By Khalida Sarwari
A San Jose State University spokeswoman addressed concerns during a news conference today that the university did not properly notify students about a fatal shooting in a campus parking garage on Tuesday night.
The shooting happened at about 8:30 p.m. on the fifth story of the 10th Street garage at the corner of East San Fernando and South 10th streets.
University spokeswoman Pat Lopes Harris said officers determined it was an isolated incident and that the campus was not at risk.
For that reason, she said, an initial message that was sent out over the university’s internal public address system — and was later followed by an alert sent to students via text message and e-mail — gave only instructions and not information about the shooting.
“If we had any indication any student or member of the public was in the least amount of danger, we would have notified them right away,” Harris said. “Our first priority will always be instruction, our second priority will be information.”
The instructions were to stay away from the garage until it partially reopened after midnight, Harris said.
She said it took officers three to four hours to give medical assistance to the victims, all who were found on the fifth floor.

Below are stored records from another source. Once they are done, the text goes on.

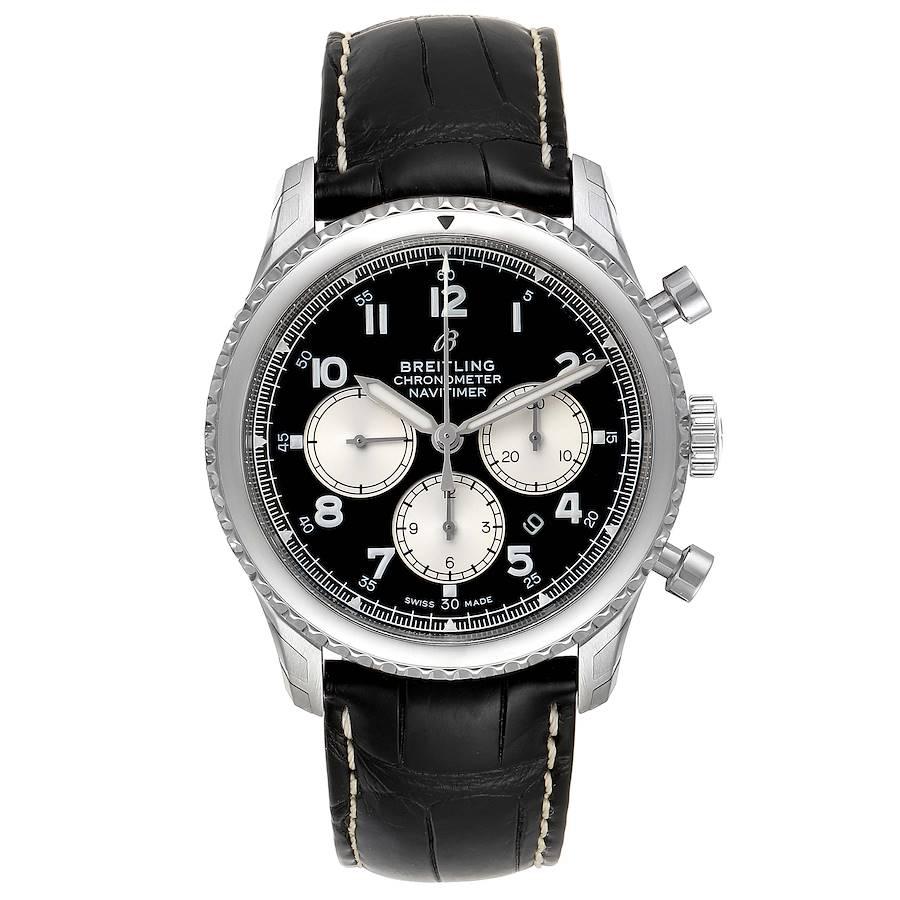 Breitling Navitimer Aviator 8 B01 Steel Mens Watch AB0117 Unworn. Self-winding automatic officially certified chronometer movement. Chronograph function. Stainless steel case 43.0 mm in diameter. Exhibition transparent sapphire crystal case back.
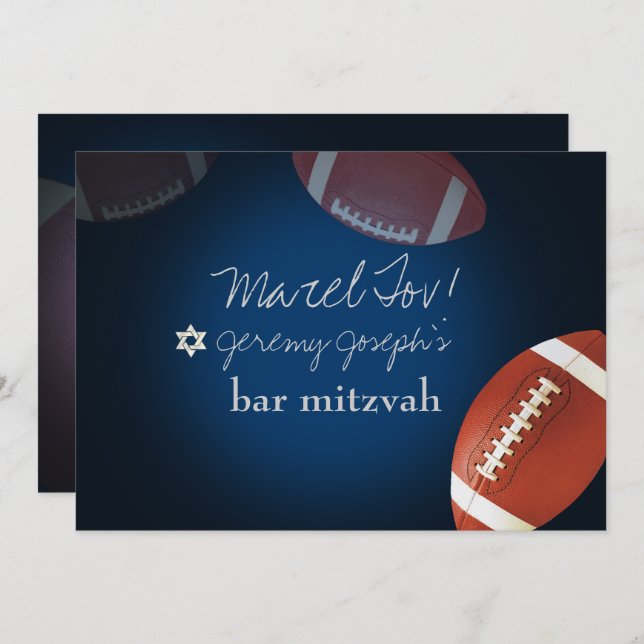 ✡ PixDezines FOOTBALL BAR MITZVAH/DIY COLOR Invitation (Front/Back)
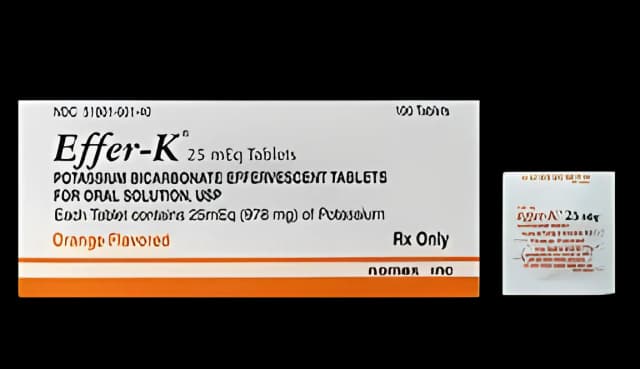Effer-K® Replacement Preparation Potassium Bicarbonate / Citric Acid 25 mEq Tablet Packet Orange Flavor 100 Tablets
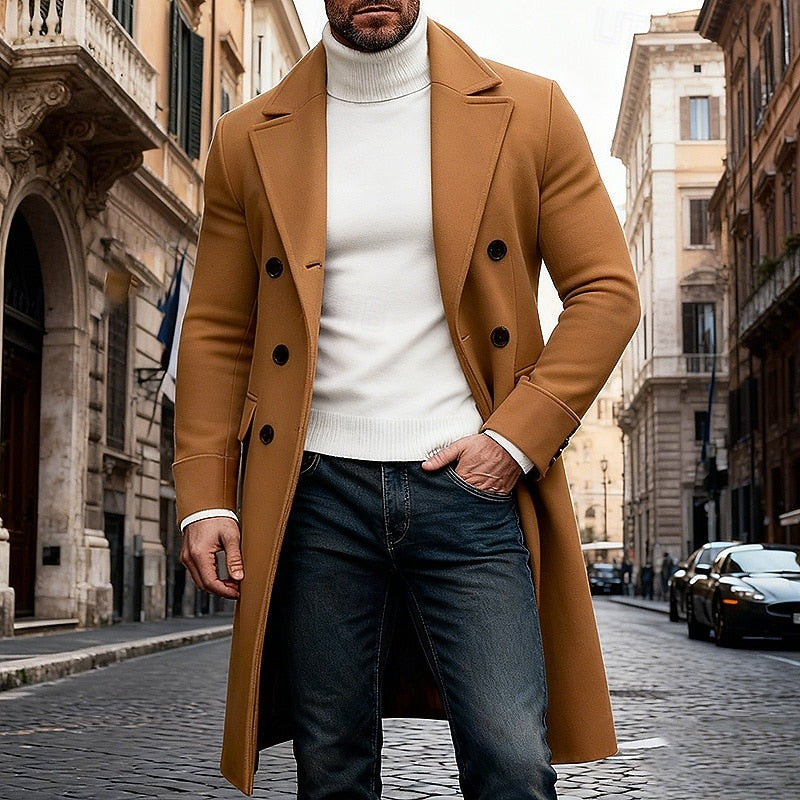 Men's Long Double-Breasted Lapel Trench Coat – Office, Casual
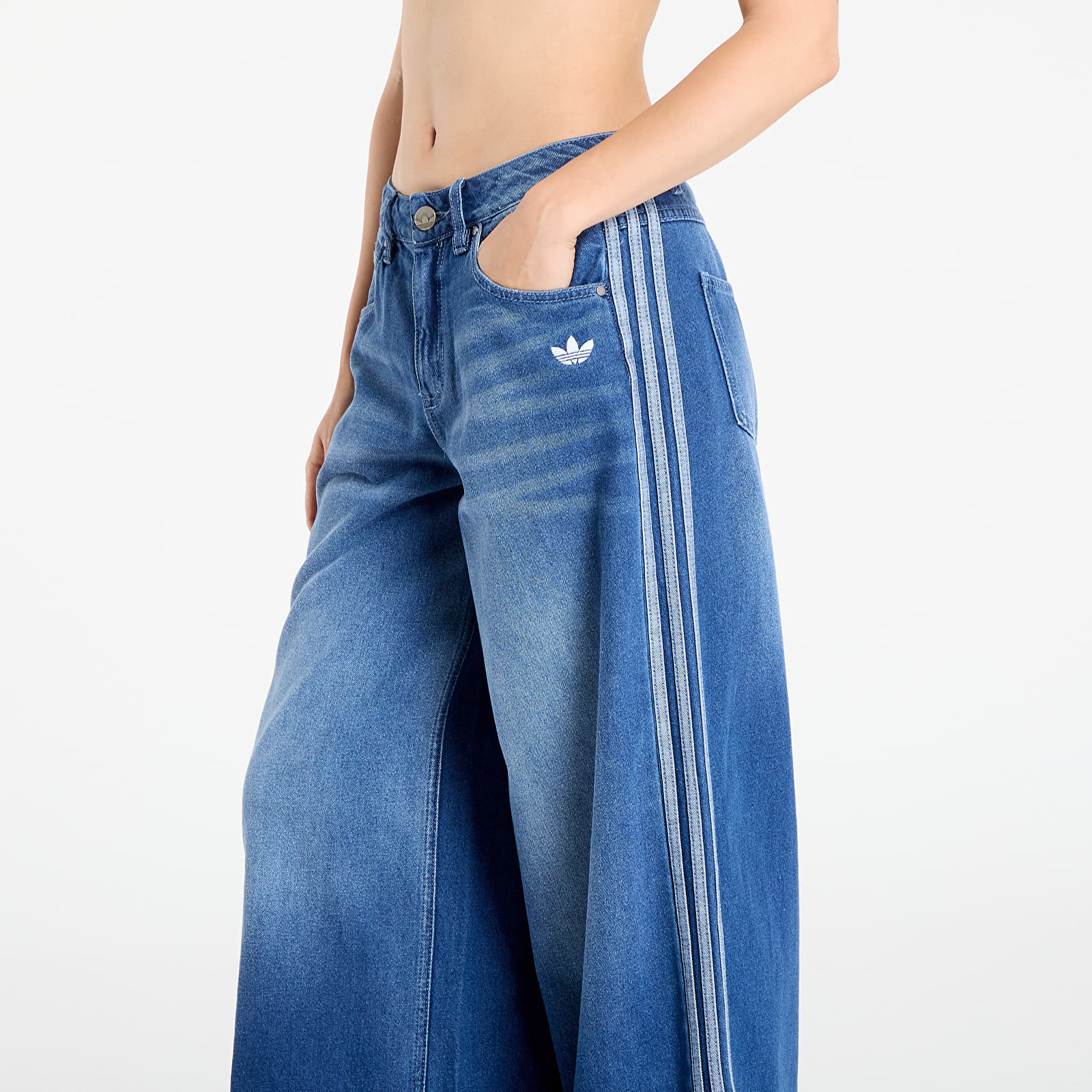 Blugi adidas Adicolor Denim Adilenium Wide Pant Indigo Denim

Two were located in a vehicle, along with a small handgun, she said.
Those two were pronounced dead at the scene. A third was transported to Santa Clara Valley Medical Center and was pronounced dead there.
The victims’ names will not be released until their families are notified.
None had criminal records, Harris said.
She said two of the three were males and one was a female.
Harris declined to comment on a possible motive for the shooting or whether any of the three were students, but said, “there is definitely university affiliation.”
She said police are investigating the case, the first of its kind in the university’s 150-year history, as a murder-suicide.
“This incident is unusual, unprecedented,” Harris said. “We had no indication this was coming.”
The university is offering free counseling to students today, she said.
The San Jose Police Department is assisting with the investigation and sent two homicide detectives and a crime scene investigator to the university Tuesday night, police spokesman Officer Jose Garcia said.